> **WHAT TO WORK ON**:
The listing that follows must be retyped exactly, without its pictures.

> **INPUT DATA**:
⟨

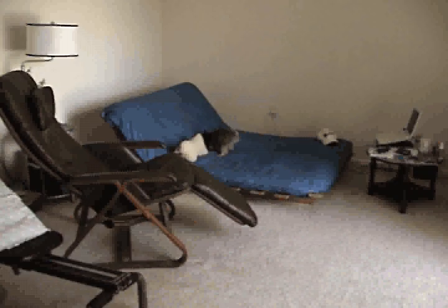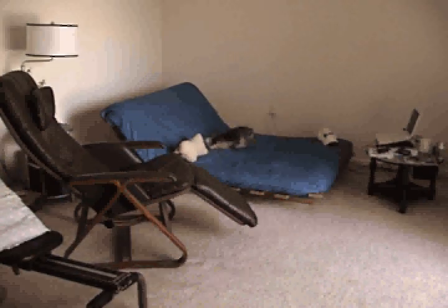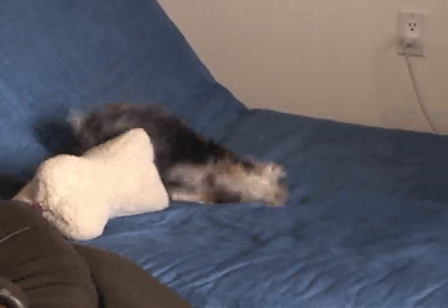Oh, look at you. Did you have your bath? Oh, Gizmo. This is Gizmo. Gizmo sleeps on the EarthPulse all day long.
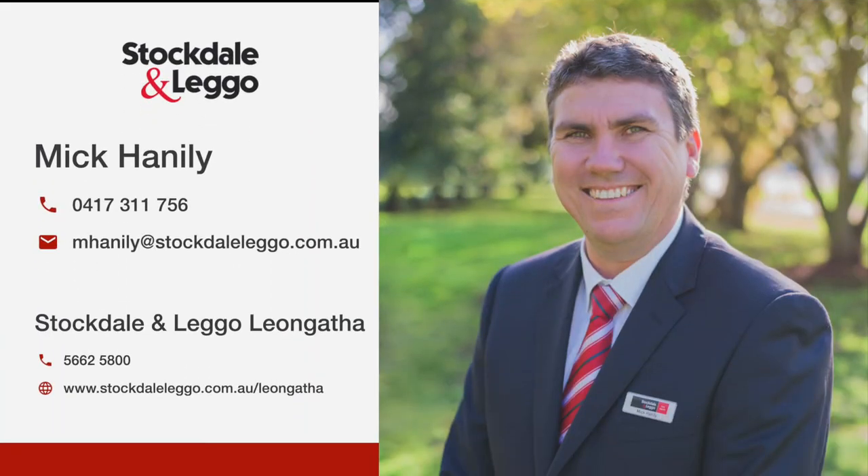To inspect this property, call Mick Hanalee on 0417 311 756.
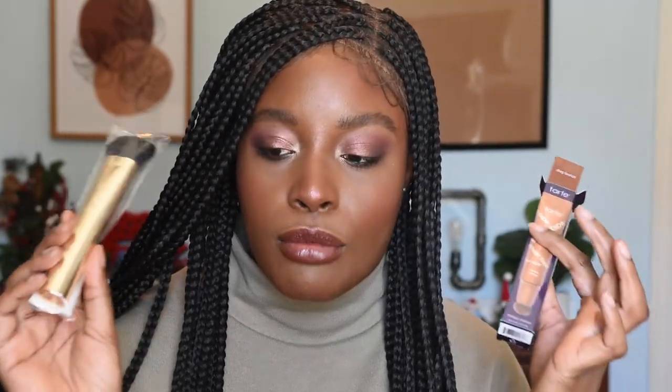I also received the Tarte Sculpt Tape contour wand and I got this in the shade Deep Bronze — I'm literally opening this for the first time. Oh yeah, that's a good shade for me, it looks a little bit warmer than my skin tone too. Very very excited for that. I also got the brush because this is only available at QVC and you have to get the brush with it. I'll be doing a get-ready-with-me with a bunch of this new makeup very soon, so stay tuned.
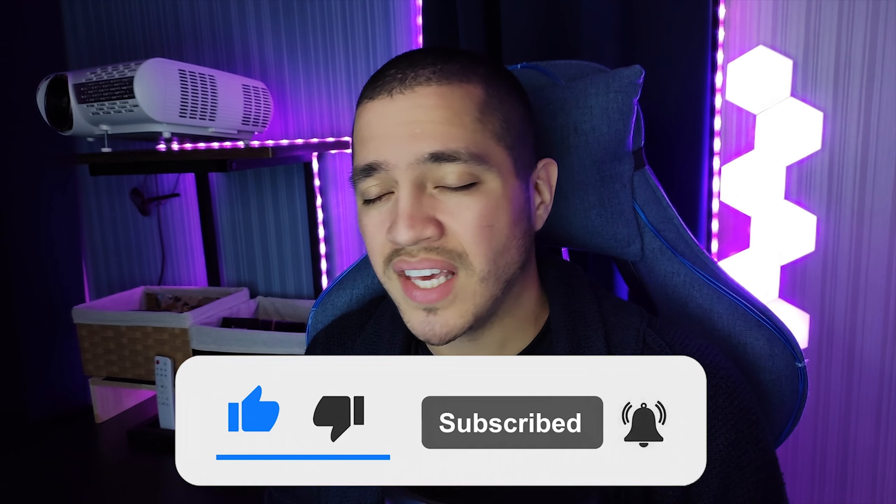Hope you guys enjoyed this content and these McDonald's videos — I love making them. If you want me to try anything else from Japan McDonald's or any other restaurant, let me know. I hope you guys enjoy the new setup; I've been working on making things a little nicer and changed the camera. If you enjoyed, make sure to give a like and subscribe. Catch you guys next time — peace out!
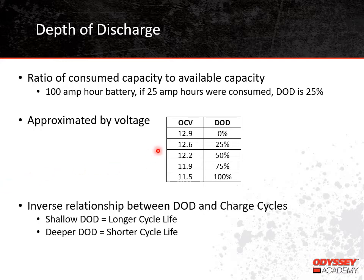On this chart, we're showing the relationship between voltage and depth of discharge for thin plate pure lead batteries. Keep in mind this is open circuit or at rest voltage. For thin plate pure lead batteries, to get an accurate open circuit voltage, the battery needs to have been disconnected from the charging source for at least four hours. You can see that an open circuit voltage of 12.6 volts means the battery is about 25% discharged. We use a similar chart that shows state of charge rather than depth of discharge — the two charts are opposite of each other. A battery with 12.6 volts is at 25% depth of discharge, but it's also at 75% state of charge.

⟩

> **ANSWER AREA**:
Oh, look at you. Did you have your bath? Oh, Gizmo. This is Gizmo. Gizmo sleeps on the EarthPulse all day long.
To inspect this property, call Mick Hanalee on 0417 311 756.
I also received the Tarte Sculpt Tape contour wand and I got this in the shade Deep Bronze — I'm literally opening this for the first time. Oh yeah, that's a good shade for me, it looks a little bit warmer than my skin tone too. Very very excited for that. I also got the brush because this is only available at QVC and you have to get the brush with it. I'll be doing a get-ready-with-me with a bunch of this new makeup very soon, so stay tuned.
Hope you guys enjoyed this content and these McDonald's videos — I love making them. If you want me to try anything else from Japan McDonald's or any other restaurant, let me know. I hope you guys enjoy the new setup; I've been working on making things a little nicer and changed the camera. If you enjoyed, make sure to give a like and subscribe. Catch you guys next time — peace out!
On this chart, we're showing the relationship between voltage and depth of discharge for thin plate pure lead batteries. Keep in mind this is open circuit or at rest voltage. For thin plate pure lead batteries, to get an accurate open circuit voltage, the battery needs to have been disconnected from the charging source for at least four hours. You can see that an open circuit voltage of 12.6 volts means the battery is about 25% discharged. We use a similar chart that shows state of charge rather than depth of discharge — the two charts are opposite of each other. A battery with 12.6 volts is at 25% depth of discharge, but it's also at 75% state of charge.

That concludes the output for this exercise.